Photo illustration by Peter Cady

Photo illustration by Peter Cady

Imagine a typical Friday night.

You battle for a cab to the beach. You walk 20 minutes away from the Grape down Fairfield Beach Road, and arrive at your beach house of choice only to be turned away. Not because you don’t know anyone or you’re one of seven guys in a no-female group, but for the same reason you did not get into the Grape tonight. Because you are not 21. When you finally reach the party you are asked for your StagCard by a fellow student for fear of suspension because he was caught serving underage students.

This is exactly what James Madison University is suggesting to students who live off campus — that they begin to run their houses like a bar or club. Keep those under 21-year-olds out of house parties by carding at the door. Why? Because they are going to begin punishing students for providing alcohol to students who are underage. If an individual receives two strikes, they are suspended for a semester.

For students James Madison, I hope that this does not crush the weekend plans of underage students, and that those who are 21 are not forced into asking to see a license before handing patrons a solo cup.

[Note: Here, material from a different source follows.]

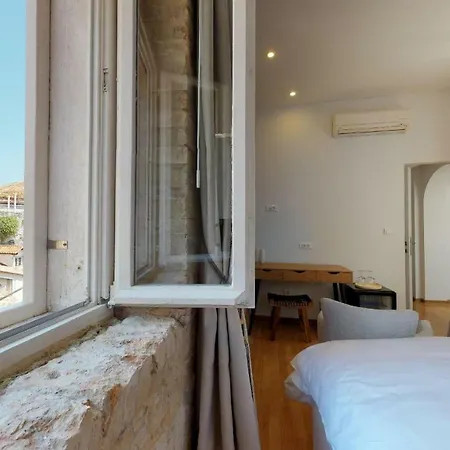 Riva Maison d'hôtes Split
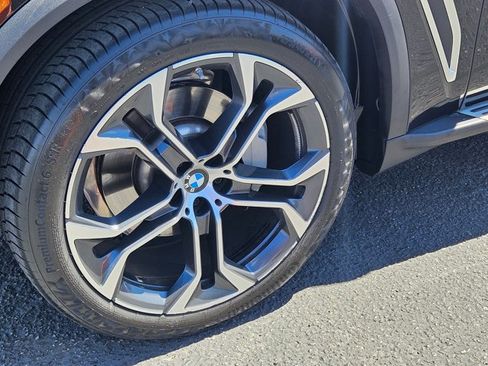 Certified 2023 BMW X5 sDrive40i w/ Premium Package image 24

I hope this will never happen to us here at good ole Fairfield. However, Fairfield as a party school has suffered its own blows, threatening its legacy: no more Clam Jam (’02), no more kegs (’06), no basements (’07), no Spam Jam (’07) and many hours of FYE (’09).

However, one can understand the point that the school is making: don’t serve underage kids knowingly. The only issue here is that this is not a high school party. Instead, college is a place where one shouldn’t structure their friendships based on their date of birth.

The reasoning Josh Bacon, head of Judicial Affairs at JMU, cites is that, “This is just a strategy to keep students safe and to make better choices. It’s a response to the open parties held in the community.”

Our own school has used the safety argument to back up the no kegs policy and the locking the basements. The truth is that the Fairfield students has adapted to nearly every type of attempt to diminish any risky activities.

As any junior or senior at Fairfield can tell you, freshmen have a tendency to simply show up, invited or not, but you can almost always guarantee there is one there. And if freshmen are not drinking at the Townhouses or the Beach, they are going to be drinking in their dorms anyway.

So the game attempting to stop underage drinking futiley continues. We hope that ineffective measures such as carding at the door of house parties never reaches Fairfield University. And for our fellow students at JMU, you are welcome here, ID or not. Well, for now.